Here’s what the risk/return profile of gold is compared to stocks since 1972 : imgur.com/OtnER6L
As you can see, gold both has a lower return and a higher volatility, so why would anyone want gold? Due to its low correlation to stocks, holding a small allocation to gold actually increases a portfolio’s return and reduces its volatility when rebalancing annually. In fact, a 80% stocks/20% gold portfolio had a return of 10.60% annually with a 12.97% volatility.
Long Term Treasuries
Long Term Treasuries is the asset with the lowest correlation to US stocks (-0.22), so it is one of the best diversifier an investor could have to reduce volatility. Here’s the risk/return profile for both asset since 1978 : imgur.com/KHpYvlL
Long Term Treasuries underperformed Stocks by 2.74% annually. However, its volatility is about 4% lower. So if we add a 20% Long Term Treasuries allocation to a Stock portfolio, what happens to our portfolio’s risk and return?

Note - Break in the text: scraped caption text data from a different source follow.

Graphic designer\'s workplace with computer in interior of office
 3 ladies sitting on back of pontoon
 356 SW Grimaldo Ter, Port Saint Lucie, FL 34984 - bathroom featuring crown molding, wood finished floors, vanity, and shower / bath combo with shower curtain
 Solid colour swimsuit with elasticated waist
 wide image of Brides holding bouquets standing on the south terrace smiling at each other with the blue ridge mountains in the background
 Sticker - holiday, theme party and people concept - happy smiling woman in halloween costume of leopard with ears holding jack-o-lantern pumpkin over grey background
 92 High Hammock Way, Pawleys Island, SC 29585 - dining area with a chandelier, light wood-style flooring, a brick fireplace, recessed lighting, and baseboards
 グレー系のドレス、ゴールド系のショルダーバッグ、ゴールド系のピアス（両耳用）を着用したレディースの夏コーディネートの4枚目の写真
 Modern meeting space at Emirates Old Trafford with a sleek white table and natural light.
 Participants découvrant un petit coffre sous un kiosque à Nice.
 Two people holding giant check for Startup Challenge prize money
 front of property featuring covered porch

A 100% Stocks portfolio would have performed better than a diversified portfolio with both Stocks & Long Term Treasuries. In fact, the 100% Stocks portfolio returned 11.43% annually while the 80/20 portfolio returned 11.25%. However, the volatility is much lower for the 80/20 portfolio. It had a 12.41% volatility, while the Stocks portfolio had a 15.16% volatility.
Real Estate Investment Trusts (or REITs) have a medium-high correlation to US stocks (0.57 since 1994) and have a higher risk/return profile. I still included REITs in the analysis, because a small allocation to REITs still decrease a portfolio’s volatility. Here’s the risk/return profile for both assets : imgur.com/to6TBcX
As you can see, REITs both have a higher return and a higher volatility. However, once you combine both assets. The portfolio’s return increases to 9.70% and the volatility decreases to 14.34%. Below is a graph showing the difference in return between both assets (Stocks and REITs) and the diversified portfolio : imgur.com/0PHqVqQ
Now, there are 3 assets that we know can help reduce a stock portfolio’s volatility and can sometimes even increase its return. But what if we invested in all of the assets mentioned above? For example, what if we had a portfolio that was 20% REITs, 20% Gold, 20% Long Term Treasuries and 40% Stocks?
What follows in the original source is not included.